File Size Limits

Kreuzberg enforces size limits on file uploads and API requests to manage server resources effectively. This page documents the default limits, how to configure them, and recommendations for optimal performance.

Overview

File size limits protect your server from resource exhaustion and unexpected memory spikes. The Kreuzberg API implements two complementary limit types:

Limit Type	Purpose	Default
Request Body Limit	Total size of all files in a single request	100 MB
Multipart Field Limit	Maximum size of an individual file	100 MB

Both limits are configurable via environment variables (KREUZBERG_MAX_REQUEST_BODY_BYTES, KREUZBERG_MAX_MULTIPART_FIELD_BYTES, or legacy KREUZBERG_MAX_UPLOAD_SIZE_MB) or programmatically via the ApiSizeLimits type.

Default Configuration

Default Limits: 100 MB

The default configuration allows:

Total request body: 100 MB (104,857,600 bytes)
Individual file: 100 MB (104,857,600 bytes)

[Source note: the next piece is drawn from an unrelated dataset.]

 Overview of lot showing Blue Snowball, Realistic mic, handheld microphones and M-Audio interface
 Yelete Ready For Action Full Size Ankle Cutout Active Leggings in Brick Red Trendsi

These defaults are suitable for typical document processing workloads including:

Standard PDF documents and scanned pages
Office documents (Word, Excel, PowerPoint)
High-resolution images
Single document uploads and small batches

When to Increase

Increase limits if you need to process:

Large scanned document archives (200+ MB)
High-resolution images (50+ MB each)
Video presentations (500+ MB)
Bulk batch uploads (multiple 50 MB documents)

When to Decrease

Decrease limits if:

You want to enforce strict file size policies
Your server has limited memory
You're processing only small structured documents
You need to rate-limit aggressive clients

Configuration Methods

1. Environment Variable (Simplest)

Set the KREUZBERG_MAX_UPLOAD_SIZE_MB environment variable to specify limits in megabytes:

# Set to 200 MB
export KREUZBERG_MAX_UPLOAD_SIZE_MB=200
kreuzberg serve -H 0.0.0.0 -p 8000

# Set to 500 MB for large documents
export KREUZBERG_MAX_UPLOAD_SIZE_MB=500
kreuzberg serve -H 0.0.0.0 -p 8000

2. Docker Compose

Configure limits in your Docker Compose setup:

version: '3.8'
services:
  kreuzberg-api:
    image: ghcr.io/kreuzberg-dev/kreuzberg:latest
    ports:
      - "8000:8000"
    environment:
      # Set maximum upload size to 500 MB
      KREUZBERG_MAX_UPLOAD_SIZE_MB: "500"
      # Configure CORS for production
      KREUZBERG_CORS_ORIGINS: "https://myapp.com,https://api.myapp.com"
    volumes:
      - ./cache:/app/.kreuzberg
    restart: unless-stopped
    healthcheck:
      test: ["CMD", "curl", "-f", "http://localhost:8000/health"]
      interval: 30s
      timeout: 10s
      retries: 3

3. Kubernetes Deployment

Configure size limits in your Kubernetes deployment:

apiVersion: apps/v1
kind: Deployment
metadata:
  name: kreuzberg-api
spec:
  replicas: 3
  template:
    spec:
      containers:
      - name: kreuzberg
        image: ghcr.io/kreuzberg-dev/kreuzberg:latest
        env:
        - name: KREUZBERG_MAX_UPLOAD_SIZE_MB
          value: "500"
        - name: KREUZBERG_CORS_ORIGINS
          value: "https://myapp.com"
        resources:
          limits:
            memory: "2Gi"
            cpu: "2000m"

4. Programmatic Configuration

=== "C#"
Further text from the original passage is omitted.